We’ve been writing a bit more about initial coin offerings (ICOs) recently. In the blockchain world, they’re a way for a startup to raise money by creating and selling their own cryptocurrencies, without having to run the gamut of regulations that a traditional IPO would have to.
Or at least, that was the theory: a recent statement from US financial regulator the SEC warned that a number of ICOs may still fall foul of its rules.
The New York Times has a good roundup of the reaction from the companies planning ICOs, which is essentially to carry on regardless.
“Since the guidance was released on July 25, 46 new coin offerings have been announced and an additional 204 are moving toward fund-raising,” it explained. “In contrast, only three projects have said they are canceling or postponing the sale of coins because of the warning.”
In July alone, 34 ICOs raised a total of $665m.

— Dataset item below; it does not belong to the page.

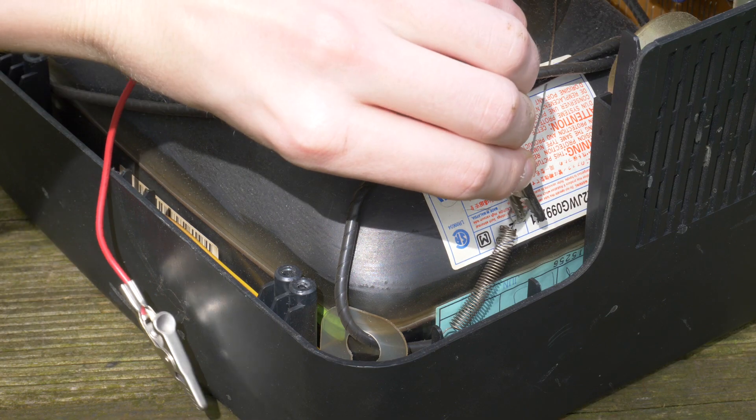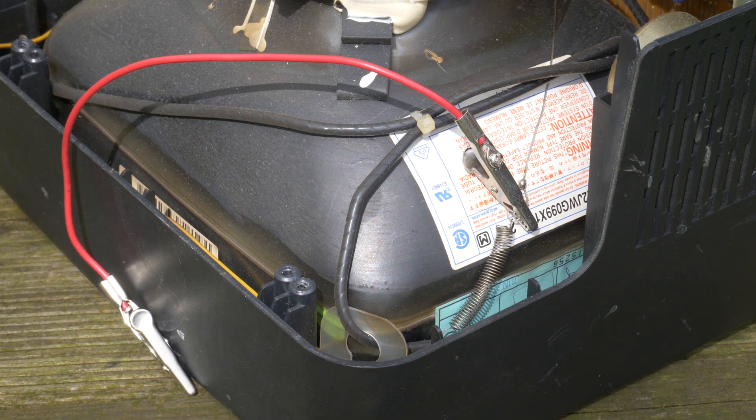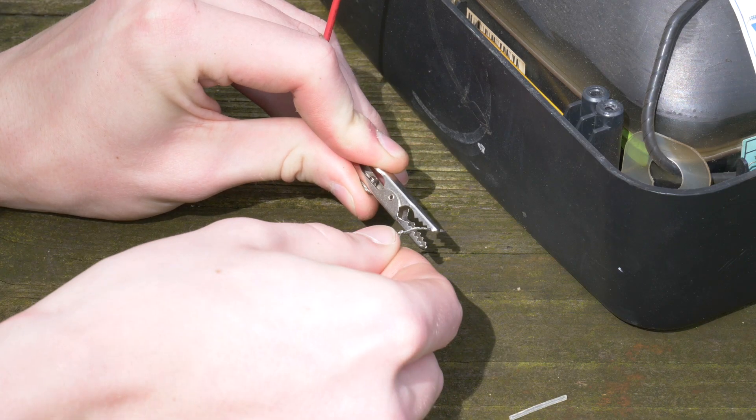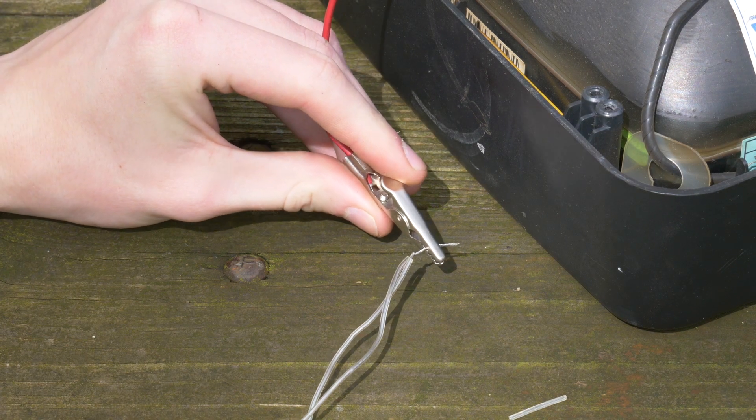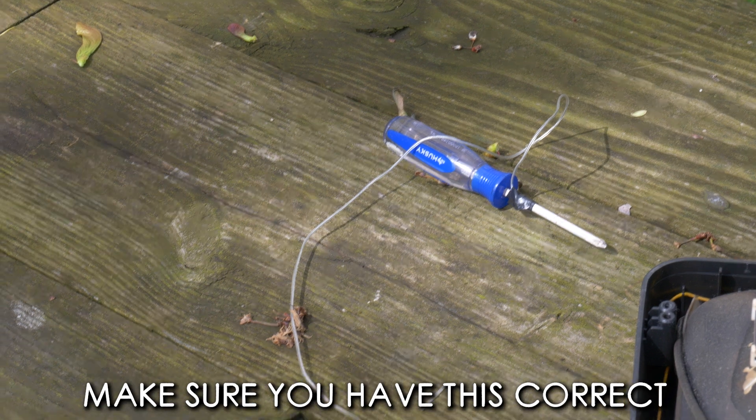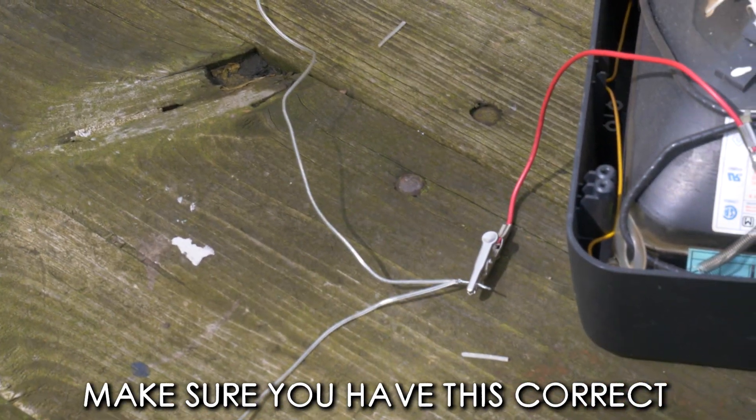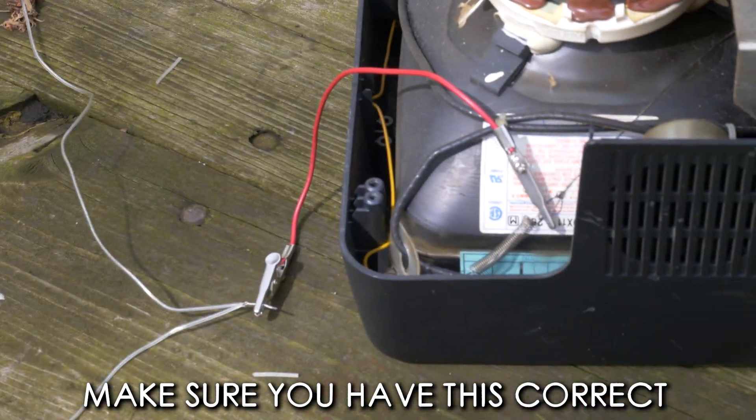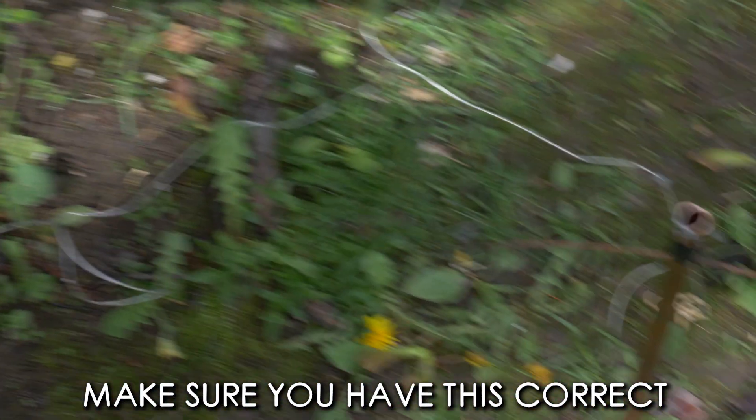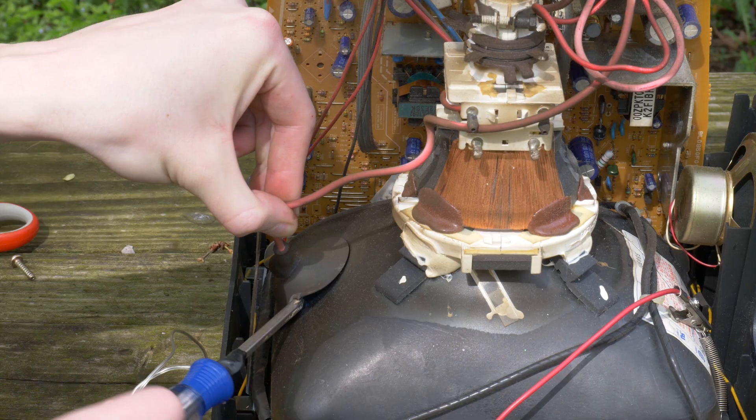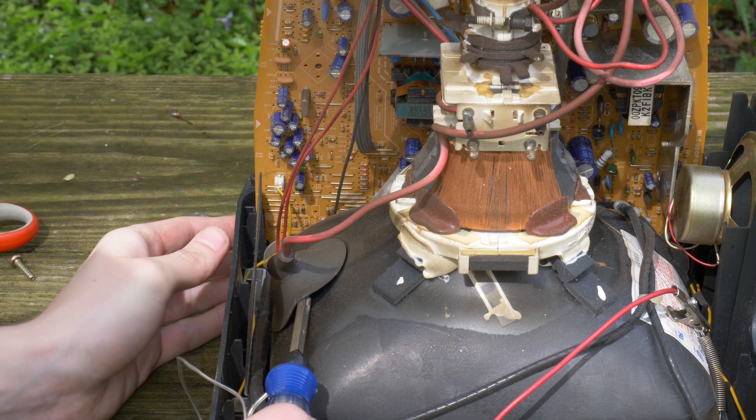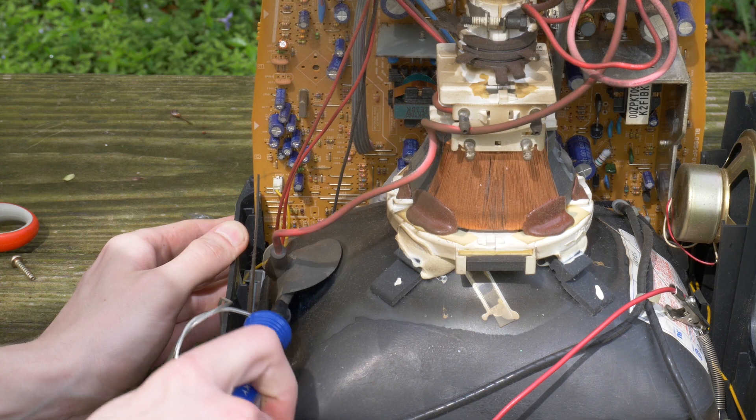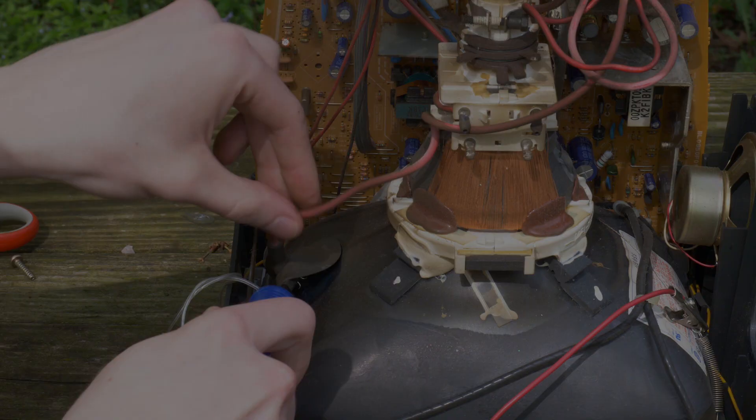This is extremely important. Take the alligator clip from our discharge contraption and connect the other side to the bare wire that runs across the outside of the picture tube. Now force the screwdriver under the suction cup and touch it to the metal wire inside. If you hear a pop, nice!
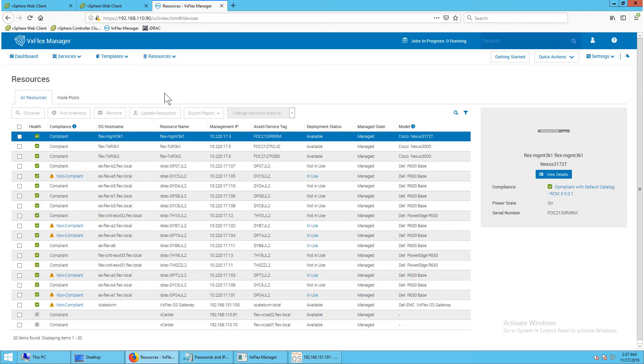On the top you can see options to discover, remove, and update resources. You can also update the firmware or software of a resource here.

In Music Ally’s recent blockchain report, several interviewees expressed caution about ICOs.
“If any startup is going to raise a bunch of money in an ICO, you have to ask: is it building a business that just supports itself and the currency it is heavily invested in, or is it solving a problem that has not been solved?” said Dot Blockchain’s Benji Rogers.
“My concern about the ICOs is we’re basically going to have a whole bunch of companies show up that aren’t [good] businesses.”